Problem statement -
As written and without pictures, set down the lines from the one that contains "Tragbares Mini-Radio, silberfarben, FM/AM" through the end of the data.

BEGIN Dataset content

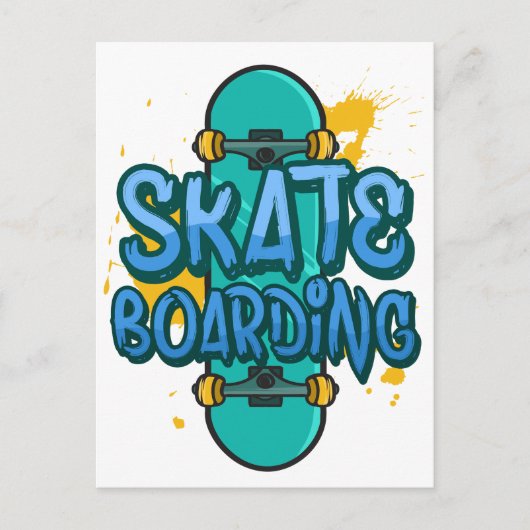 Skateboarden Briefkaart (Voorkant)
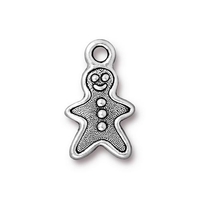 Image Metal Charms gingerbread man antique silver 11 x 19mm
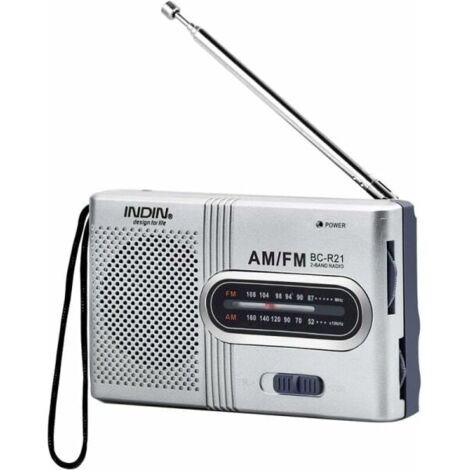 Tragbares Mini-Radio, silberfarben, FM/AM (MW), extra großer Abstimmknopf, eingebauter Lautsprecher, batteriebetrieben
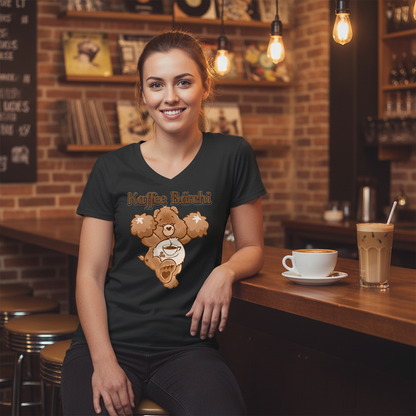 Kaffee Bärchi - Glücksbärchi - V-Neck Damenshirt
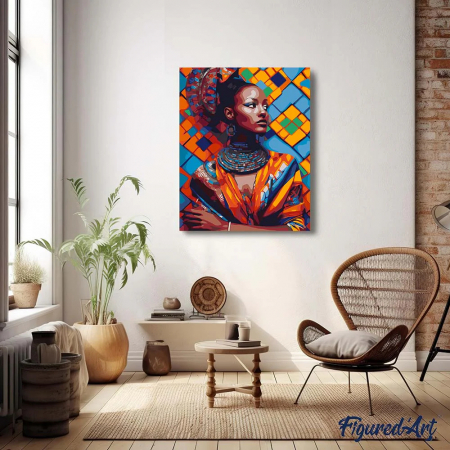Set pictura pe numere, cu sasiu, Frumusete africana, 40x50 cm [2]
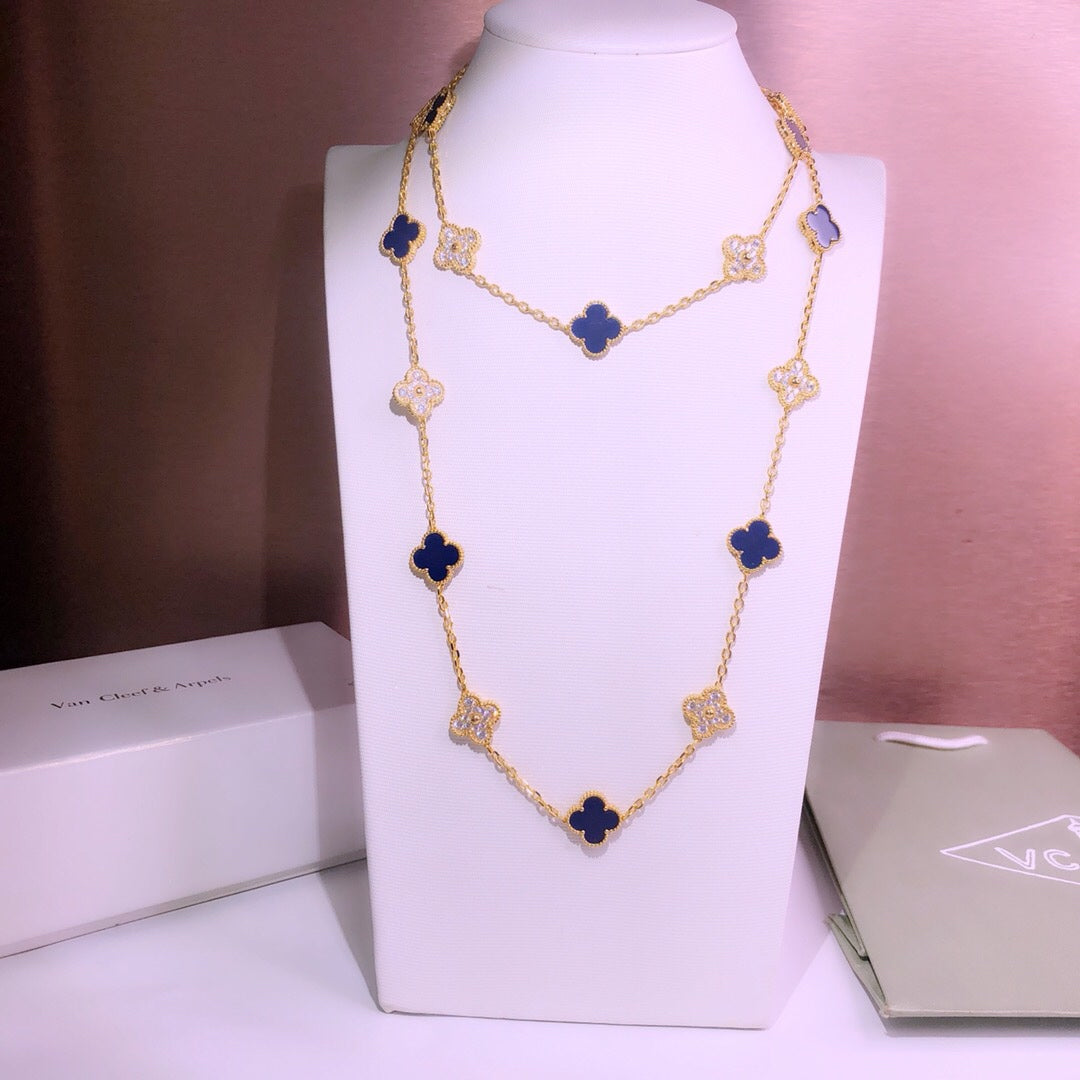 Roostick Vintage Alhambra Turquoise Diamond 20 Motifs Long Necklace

END Dataset content

Problem solution -
 Tragbares Mini-Radio, silberfarben, FM/AM (MW), extra großer Abstimmknopf, eingebauter Lautsprecher, batteriebetrieben
 Kaffee Bärchi - Glücksbärchi - V-Neck Damenshirt
Set pictura pe numere, cu sasiu, Frumusete africana, 40x50 cm [2]
 Roostick Vintage Alhambra Turquoise Diamond 20 Motifs Long Necklace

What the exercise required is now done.